The most unusual aspect of the stoneware bangles is not, however, their manufacture, but rather their inscriptions and their unexpected size. Every stoneware bangle carries an inscription: a single sign or group of signs from the Indus script traced onto the wet clay before firing. It may be a sacred symbol, a title or even a person’s name – there is no way of knowing at present. The diameter of every bangle is 5.5 to 6 centimetres, which is too narrow for it to have been worn around the wrist or the ankle. Perhaps the bangles were worn as a pendant or sewn onto clothing. The headband of the ‘priest-king’ statuette, and his upper arm, carry a prominent circular symbol that may depict a stoneware bangle. Bearing in mind the characters, the size and the secrecy, ‘It therefore seems a distinct possibility that the stoneware bangles were worn as badges of office by leading members of the hierarchy’, suggests McIntosh.10
Pottery from the Indus cities – both plain and painted – survives in large quantities. The potter’s wheel, employed at Mehrgarh, was in use for well over 1,000 years before the Mature period. But the urban Indus pottery is not particularly distinguished. Indeed, the pottery from Mehrgarh, especially the Faiz Mohammad ware, is probably superior to the pottery found at Harappa, Mohenjo-daro and other cities, both in form and decoration. Rather than pottery, the most vital sculpting energies of the Indus craftsman in clay, stone and other materials went into three types of object: numerous animal and human figurines, masks and toys ranging from the frankly crude to the almost sophisticated; a small but significant number of higher-quality sculptures; and, most of all, the thousands of seals.

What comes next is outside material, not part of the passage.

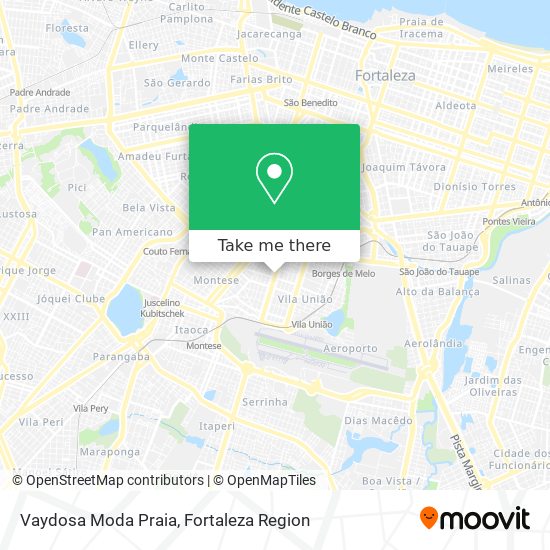 Vaydosa Moda Praia map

Many of the female and male figurines appear to have been fertility figurines, judging from their nudity. They were presumably made by potters for worshippers to use in domestic rituals under a sacred tree or in the courtyard of their home. Once the ceremony was over, the figurine was probably discarded or given to children as a toy, rather than being dedicated to a shrine or building (as was common in Mesopotamia), given the figurines’ findspots. The animal figurines, which are somewhat more naturalistic and frequently charming and humorous, look as if some were simply toys, while others were intended for worship. For example, a hollow ram’s head figurine with a body like a tea cosy mounted on two wheels was assuredly a toy, whereas a finely modelled and incised, hollow, three-headed animal figurine, depicting an elephant with a hollow trunk, with two horns of a water buffalo curving along the cheeks of the elephant and the bottom jaw of a feline with bared teeth at the back of the elephant’s head, was probably some kind of cult object.

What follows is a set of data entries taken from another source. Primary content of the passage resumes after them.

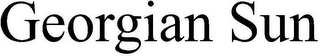 GEORGIAN SUN logo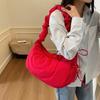 Casual large-capacity bag women's 2025 new fashion pleated dumpling bag lightweight and simple shoulder messenger bag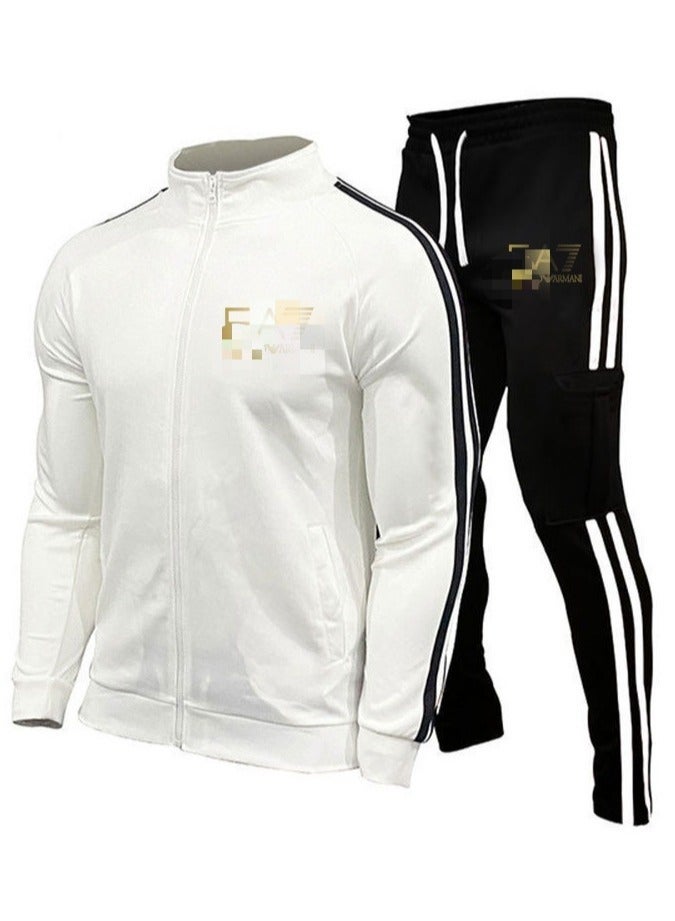 KUYING Men's loose sportswear and sports pants two-piece set  - Image 1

The sculptures number perhaps ten or a dozen, depending on how one categorizes the finest of the figurines and on the disputed status of two statuettes. The best known of the sculptures are undoubtedly the ‘priest-king’ in steatite and the ‘dancing girl’ in bronze, both of which were found at Mohenjo-daro during the early excavations. Neither identification is at all secure. The ‘priest-king’ (see page 115) is so-called largely on the strength of his commanding face, with its half-closed eyes and closely manicured beard, and the elaborate draped garment he wears, leaving his right shoulder bare – a style that is still considered appropriate in India and the Buddhist world when approaching a shrine or holy person. In addition, the prominent trefoil designs on the garment, according to Parpola, parallel the trefoils on cloaks worn by gods and priest-kings in Mesopotamia. The vivacious, naked ‘dancing girl’, confronting the viewer with her left arm sheathed in bangles and her almost bare right arm held akimbo, possibly (but far from definitely) poised in a dance posture, seems still more doubtfully identified. Marshall’s comment on her is surely over-confident: ‘here we clearly have a dancer or nautch girl of aboriginal stock represented, and we may reasonably infer that girls of this class were accustomed to wear nothing more than their ornaments when dancing, though it would be rash to suppose that they ordinarily went naked.’11
Yet more problematic, as Marshall was the first to admit, are two damaged statuettes from Harappa: a headless male figure with one leg raised, this time undoubtedly dancing; and a headless male torso. Both cannot help but strike the viewer as distinctly influenced by Greek art, which was a common feature of the art of northwest India in the centuries after Alexander. As a result Marshall, and many subsequent scholars, have questioned whether these two statuettes belong to the Mature Indus civilization, despite the undisputed early provenance of the male dancing figure according to its excavator. The question of their true date remains open, to the extent that the two statuettes are often omitted entirely from current discussions of Indus sculpture.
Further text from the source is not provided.